Isabella Jackson 


Growing up in the Lakes, my love of nature and the environment has been part of me since birth. I decided to pursue this passion by undertaking a degree in Marine Biology at the University of Liverpool, where I developed a deeper understanding of the natural world. From there I continued and completed a master’s degree, in which I investigated endocrine signaling in Cnidarians. Between my masters and the beginning of my PhD, I became a scientific intern at Marine Dynamics in Gansbaai, South Africa, where I learned more about the marine big 5 and developed my field techniques. For me I think the coolest animal is the Greenland Shark, but my favourite animal is my border collie Jack. 

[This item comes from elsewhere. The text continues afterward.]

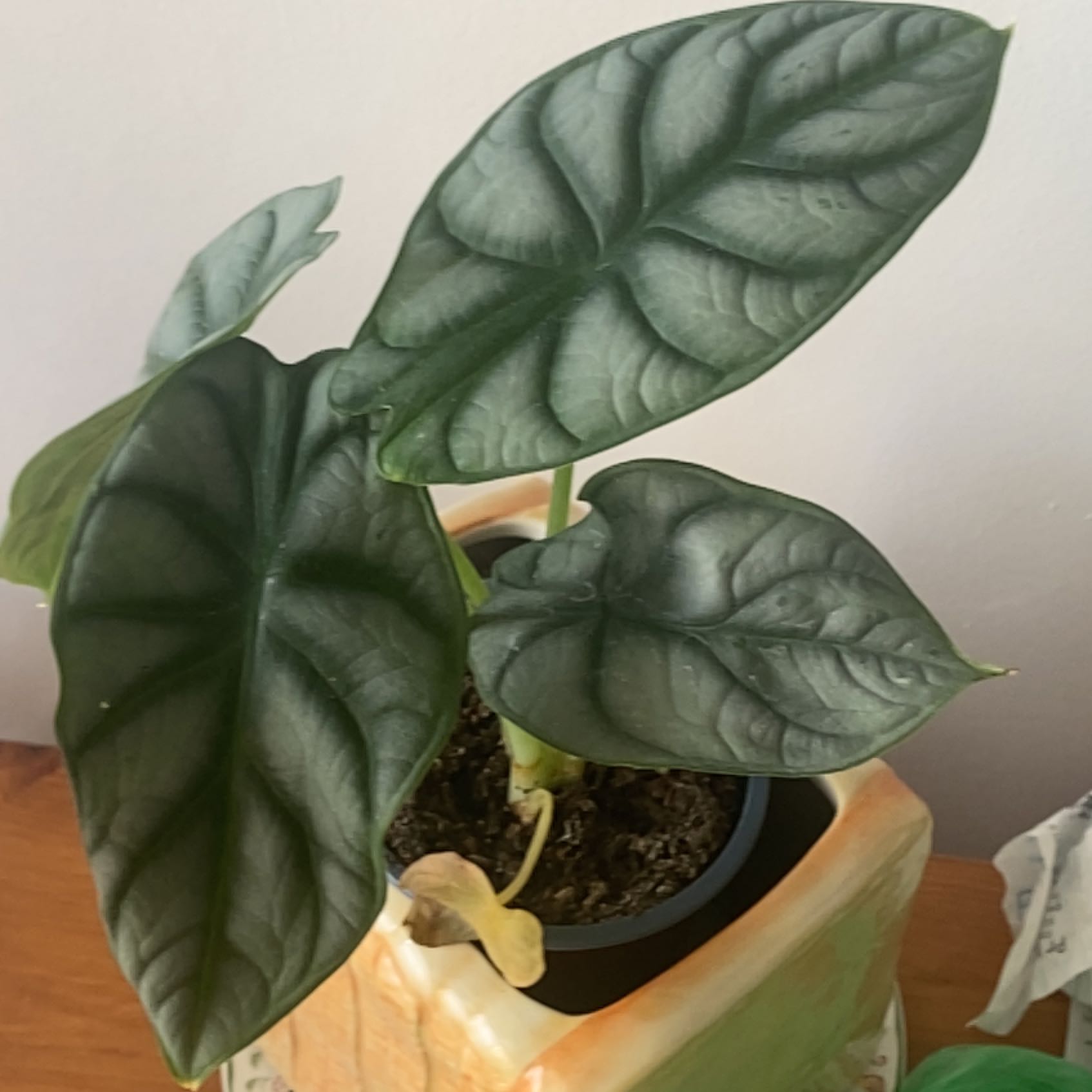 Photo of the plant species Alocasia Silver Dragon Mint by @PetIvy77 named Queen on Greg, the plant care app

The combined impacts of climate change induced environmental variation (salinity and temperature) and pollutant mixtures on stress response in a typical estuarine species (Mytilus sp)

PI and Institution:
Mark Hartl, Heriot-Watt University

PhD aim:
I am interested in how an ecologically important species (Mytilus sp.) will physiologically respond to multiple stressors interacting in estuarine systems. I have a particular interest in the rising prevalence of nanomaterials in the environment and what the effect this will have on species in tandem with a changing climate. I will also explore how the stress response of mussels differs between populations located in estuaries of varying pollution status, for example comparing mussels from the heavily industrialized Firth of Forth to the relatively pristine Dornoch Firth.  

PhD objectives:

  • To investigate the different contaminants which have accumulated within mussels from estuaries of varying pollution status and levels of industrialization. 
  • Run exposure tests on Mytilus edulis to observe how different stressors affect stress response by looking at bioindicators of oxidative stress and DNA damage. 
  • To explore how salinity and temperature affect the bioavailability of mussels to common contaminants. 
  • To create a multi-stressor experiment which explores the interactions of stressors driven by climate change and pollution.